Oleh: Hermayani Putera
“Bang Herma, setelah selesai presentasi di sesi ITTO, besok bisa ikut demo WWF Network ‘kan? tanya Saipul Siagian, rekan dari tim komunikasi WWF-Indonesia di Kantor Jakarta lewat telepon. Malam itu, Senin, 10 Desember 2007, aku baru saja diundang makan malam oleh Kurniawan sekeluarga. Kurniawan adalah sahabatku di Universitas Muhammadiyah Yogyakarta (UMY), rekan KKN UMY di Desa Mulo, Gunung Kidul tahun 1996.
Kami bertemu saat aku keluar dari Bandara Ngurah Rai Denpasar, dua hari sebelumnya, dan melewati counter money changer BNI, dan pas waktu itu dia sedang bertugas. Tiba-tiba saja kami saling bertatapan. Ya, sesimpel itu cara Allah mempertemukan kami berdua bertemu lagi setelah 11 tahun berpisah.

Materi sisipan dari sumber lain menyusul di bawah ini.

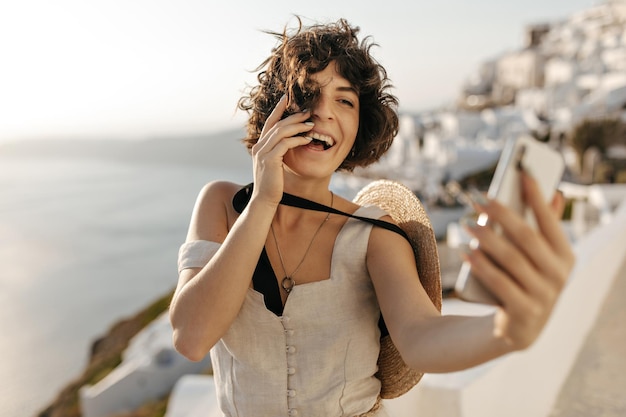 Bruna donna riccia in abito beige e cappello di paglia sorride sinceramente e si fa selfie fuori nella vecchia città greca felice signora in abito elegante e barcaiolo tiene il telefono sullo sfondo del mare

Saat itu Bali disorot dunia, karena menjadi tuan rumah Konferensi Perubahan Iklim PBB pada tanggal 3-14 Desember 2007. Konferensi yang diadakan oleh United Nations Framework Convention on Climate Change (UNFCC) ini adalah penyelenggaraan ke-13 membahas dampak perubahan iklim global, dan mendiskusikan kesiapan negara-negara di dunia dalam mengurangi efek gas rumah kaca setelah kesepakatan sebelumnya, Protokol Kyoto kadaluwarsa pada tahun 2012.
Sekitar sembilan ribu peserta delegasi dari 186 negara hadir dalam pertemuan ini, diliput oleh lebih dari seribu jurnalis dari sekitar tiga ratus media internasional. Masyarakat sipil sebagai kelompok penekan (pressure group) juga hadir dalam event ini. Tercatat lebih dari 300 LSM ikut berpartisipasi, baik yang setuju dengan agenda perubahan iklim maupun yang anti dan berpandangan bahwa perubahan iklim adalah sebuah ilusi.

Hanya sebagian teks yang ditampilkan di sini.